_What the exercise asks:_ I would like every record reproduced exactly, with the pictures left out.

(Image-text web data)
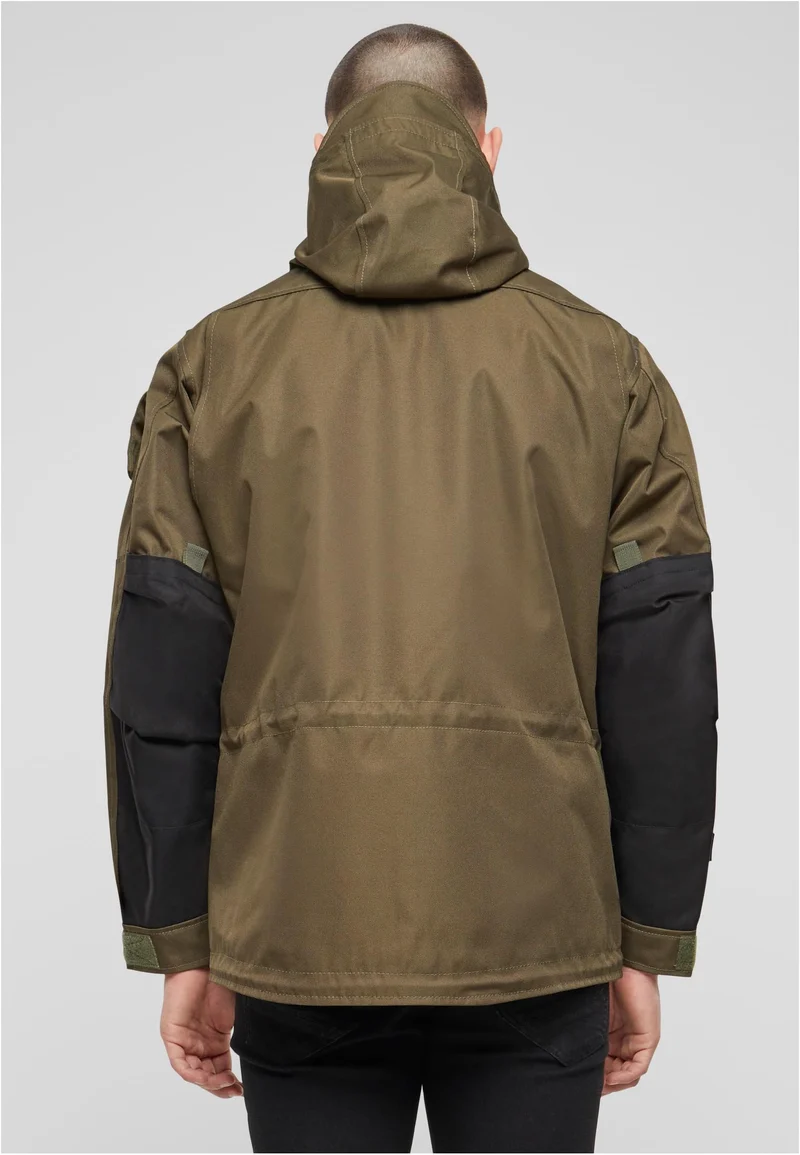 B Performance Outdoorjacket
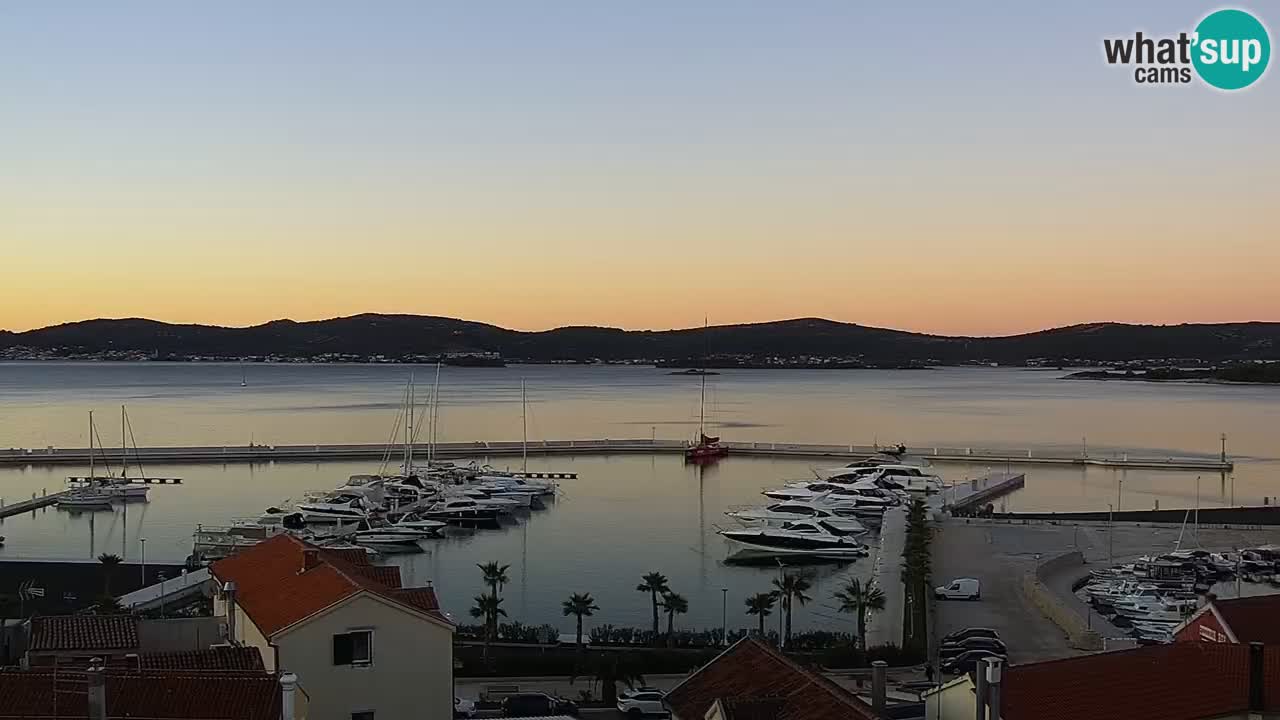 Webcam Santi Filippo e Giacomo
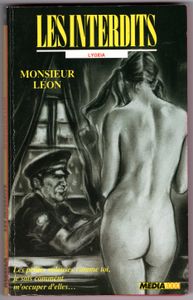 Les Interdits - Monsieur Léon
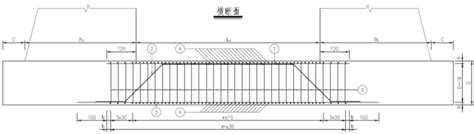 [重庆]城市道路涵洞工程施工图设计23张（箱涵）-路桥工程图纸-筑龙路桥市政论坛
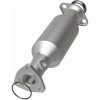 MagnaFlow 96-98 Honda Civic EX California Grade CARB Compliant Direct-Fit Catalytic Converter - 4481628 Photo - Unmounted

_Answer area:_
 B Performance Outdoorjacket
 Webcam Santi Filippo e Giacomo
 Les Interdits - Monsieur Léon
 [重庆]城市道路涵洞工程施工图设计23张（箱涵）-路桥工程图纸-筑龙路桥市政论坛
 MagnaFlow 96-98 Honda Civic EX California Grade CARB Compliant Direct-Fit Catalytic Converter - 4481628 Photo - Unmounted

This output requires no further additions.